Sometimes I’m in a room with my kids and I feel an urge to move away leaving no forwarding address. Other times there are these sweet moments that may or may not be reminiscent of earlier years. Warrior Queen hasn’t napped for the longest time, but I guess she’s been wearing herself out lately. I’ve now experienced three occasions in maybe a little over two weeks of having her fall asleep on me. Other than needing to use the restroom desperately halfway through, it’s lovely. I’ll be reading. She’s sprawled out on my lap under my blanket. At one point during the second one, she rolled over and had her cheek resting on that one spot mid chest she used to love when she was a baby. I could look down and see her marvelous cheeks and pressed lips. It was perfect. The weight of her, and she’s always so snuggly. I periodically stroked her cheek and brushed her hair out of her face. My kids slept on me for the longest time, and one day they just stopped. There was no gradual ease out of it. The habit ended, and it was sad at the time, so it’s nice to have this bonus snooze…a little like the bonus hand holding of Little Man.

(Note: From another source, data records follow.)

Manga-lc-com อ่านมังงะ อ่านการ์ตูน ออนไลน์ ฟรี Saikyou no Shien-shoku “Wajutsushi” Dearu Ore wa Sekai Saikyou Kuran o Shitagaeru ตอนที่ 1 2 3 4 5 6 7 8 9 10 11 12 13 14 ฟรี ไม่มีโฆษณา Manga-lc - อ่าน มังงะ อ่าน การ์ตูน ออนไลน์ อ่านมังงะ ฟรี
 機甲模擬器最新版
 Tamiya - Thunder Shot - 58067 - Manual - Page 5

Sometimes I wonder if there is a fine line between good parenting and giving up. My husband isn’t working anymore, so he’s been taking over a good deal of tasks, like bus pick-up. It figures the day that I need to step in is pouring. I love overcast days. I love the rain. I don’t like to be out in the rain, but this wasn’t bad. When it’s a freezing rain, it’s unpleasant. I should have put Warrior Queen in boots when we went to retrieve her big brother…oops…I make this mistake almost every time. My feisty girl was all showered from school…nice dress on, but the puddles were a-calling. Part of me cringed as she went through the first one, but then I stopped caring. Whatever. She’ll change her clothes for the millionth time during the day, and I will have more room under the umbrella. And, while I’m not yelling at her for getting soaked, I took some deep breaths and vaguely watched where she was going. It’s not like things are busy in the neighborhood. I have to watch and pay attention, but it’s not a constant vigilance for cars. We are far enough down that there is plenty of warning when people are coming. Besides, the bestest puddles were essentially streams at the side of the road going into the sewer. She was happy. I was given a short reprieve from hearing a loop of, “Mom,” on two second repeats. That was a pretty big win. Little Man eventually made it home and I could hear about the benefits of the rain for the small rose bushes my husband just planted.